Correr na rua pode ser um perigo. Quem vê esse pessoal animado, de calção, tênis e garrafinha d’água na mão, nem imagina as ameaças. E não apenas por causa de maus motoristas, das intempéries e do risco de contusões para quem já passou da idade de fazer esforço olímpico. Os perigos estão à espreita, nas formas menos esperadas.
Meu amigo corria pelo Parque da Cidade já na metade do percurso de 14 quilômetros que ele insiste em cumprir, mesmo já vovô, para manter o corpinho sarado. O esforço era evidente; cenho fechado, sem camisa, suado, ele irrompia pela pista interna do parque com a teimosa disposição que o tira da cama todos os dias antes da aurora.
Ultrapassava outros corredores com facilidade, embora não estivesse ali para apostar corrida; o objetivo é manter a forma física – o que ele completa com sessões diárias de musculação em academia. De vez em quando precisava se desviar de algum ciclista que insiste em usar a mesma pista para pedalar e até patinadores.

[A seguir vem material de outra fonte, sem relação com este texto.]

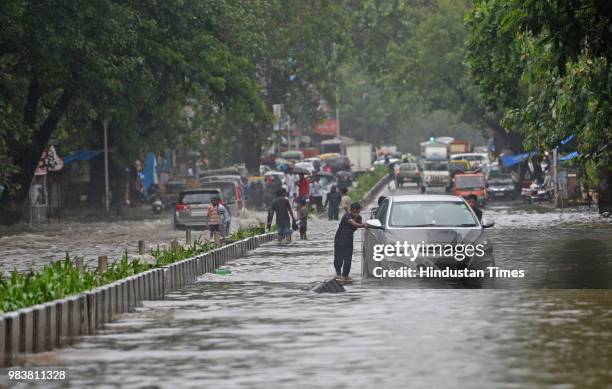 Waterlogged due to heavy rain at S.V Road,Bandra on June 25, 2018 in Mumbai, India. Heavy downpour led to waterlogging at several places including...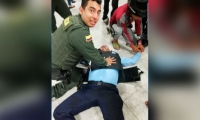 Momento en que patrullero y joven auxilian a vigilante atacado a bala.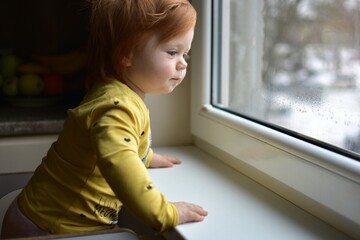Red messy hair toddler girl curiously looking through the window. Daughter impatiently waiting...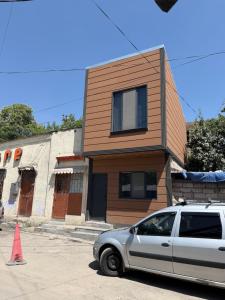 a car parked in front of a house at Kond studio in Yerevan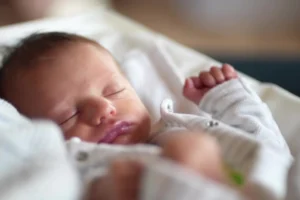 Close-up of a newborn baby sleeping peacefully in soft white clothing.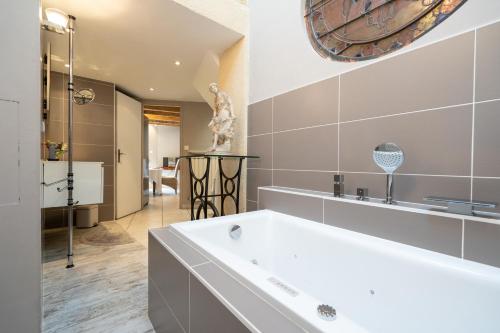 y baño con bañera blanca y espejo. en La maison de Raphaël, en Tournon-sur-Rhône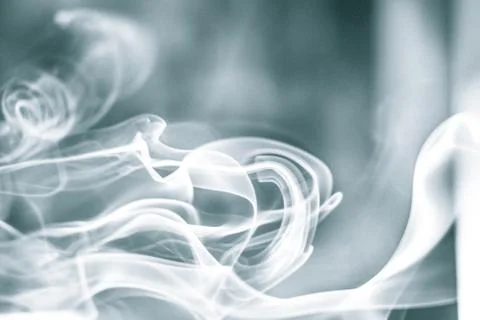 Trail of smoke on a dark background - creative colour effects with smoke smud Stock Photos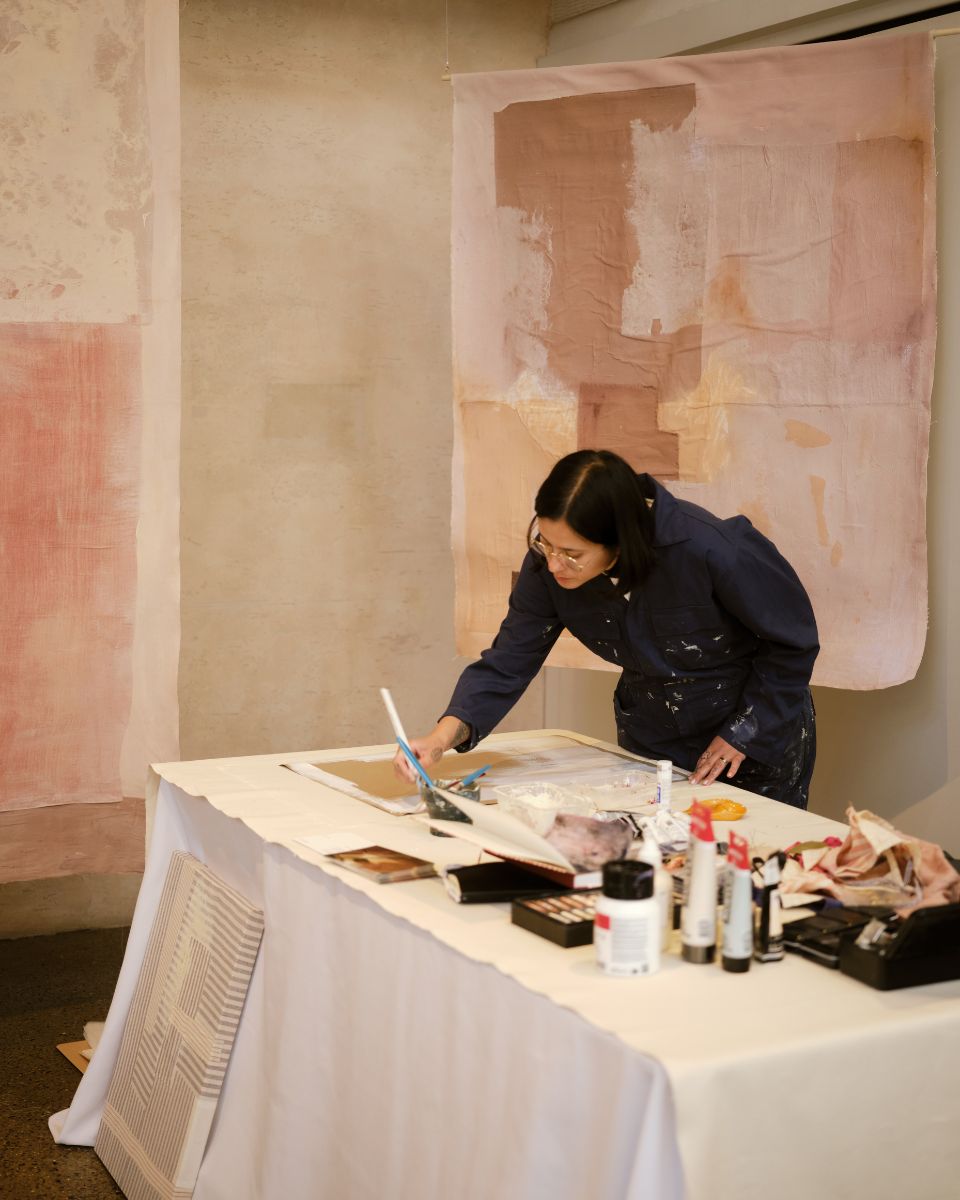 Ann-Marie Williamson working on textured original artwork on display for The Artists' Studio exhibition with Partnership Editions.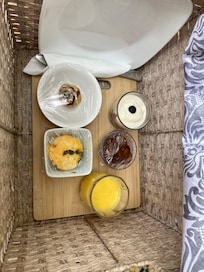 Day 2 breakfast Berry parfait, egg muffin, sliced sausage, mini muffin, fresh oj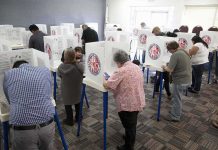 Election Blue Line Crossed In California? Voters fill out ballots at polling booths in a busy voting room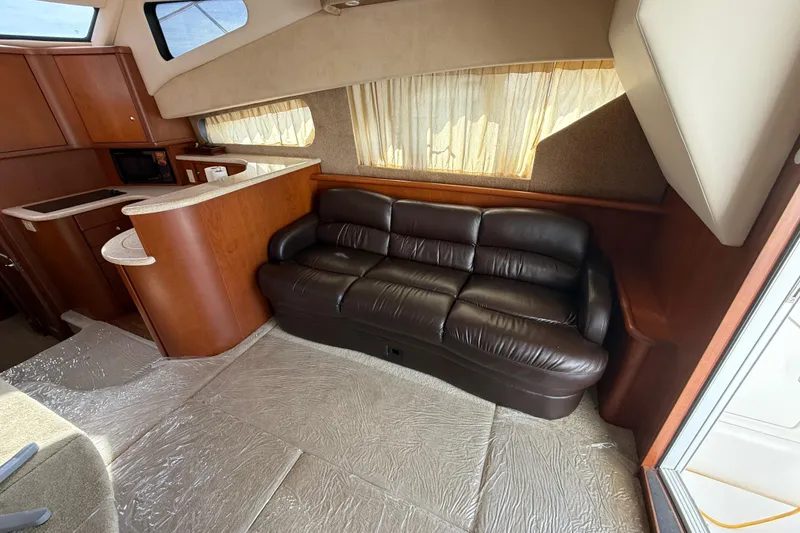 Slide: The Image of Interior of 2005 Silverton 38 Sport Bridge with leather sofa and kitchenette. - 12
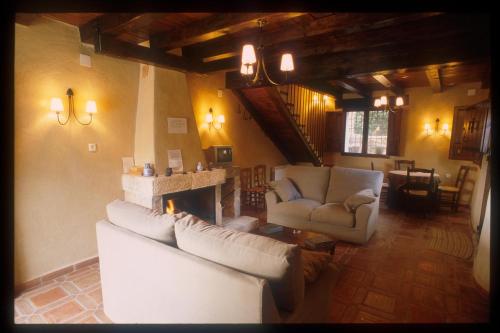 a living room with two couches and a fireplace at Casas Rurales Tio Frasquito y Cleto in Yeste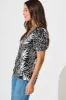 Tessy Top in Black with White Leaf sold by St Frock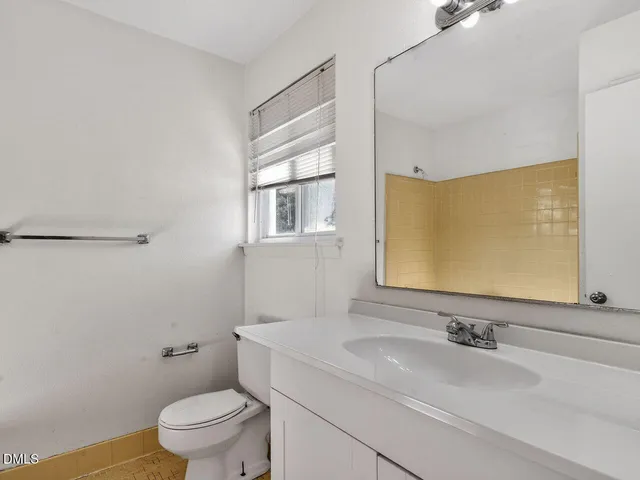 a bathroom with a sink a toilet and a mirror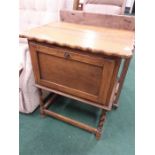 An oak pie crust edge cabinet.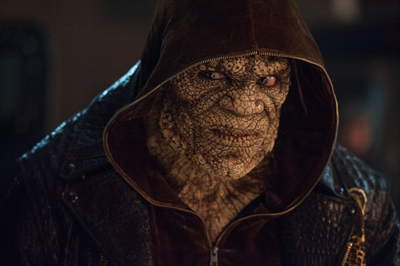 Close-up of a person with textured, scaly reptilian skin wearing a dark brown hooded jacket.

Esses percalços fazem com que muitas vezes ele use trilhas, o que aconteceu naquela manhã, quando o parque estava cheio. E foi aí que o inesperado fez a surpresa: no meio do caminho surgiu um animal mais do que selvagem, furioso. O bicho se colocou em posição vertical, abriu a boca e soltou um regougar estranho e tenebroso. Meu amigo parou.
A cena não durou cinco segundos, algo próximo de uma eternidade. A sensação de felicidade que sempre aparece com a injeção de seratonina e endorfina no sangue de quem corre desapareceu; mas ele ainda teve tempo de se lembrar da cena em que um urso imenso atacou Leonardo DiCaprio no filme O Regresso.
Meu amigo é valente, mas nem pensou em se atracar ao bicho; preferiu dar no pé. Dispensou a técnica adquirida em muitos anos de corrida e saiu em desabalada carreira com o animal no encalço, ainda guinchando. Parecia o Usain Bolt e deixou o bicho para trás, quando se permitiu sentar ainda assustado.
“Estamos em Brasília, capital, não é lugar para animais selvagens”, pensava. Foi quando os pensamentos começaram a se ordenar e a forma do bicho foi diminuindo para o tamanho real. Era um regougar, som das raposas, ariranhas e gambás o que ele tinha ouvido; não era um urso, o que ele tinha visto. Era um saruê. Dos grandes, mas um saruê.
O saruê – que na região sul é chamado de gambá-de-orelha-preta – tem hábitos noturnos, é animal solitário e só ataca para se defender; neste caso devia ser uma fêmea, provavelmente defendendo a prole. Quando nervoso, o saruê solta uma espécie de pum dos mais fedorentos, mas que sai de uma glândula.
São comuns os casos de saruê vivendo em casas – eu mesmo tenho um inquilino desses, que expulsou a família de morcegos que vivia sob as telhas e de vez em quando quebra copos e garrafas das prateleiras – mas não são bichos amistosos. Que o diga meu amigo, que agora não sai da pista; prefere o risco de ser atropelado por um ciclista.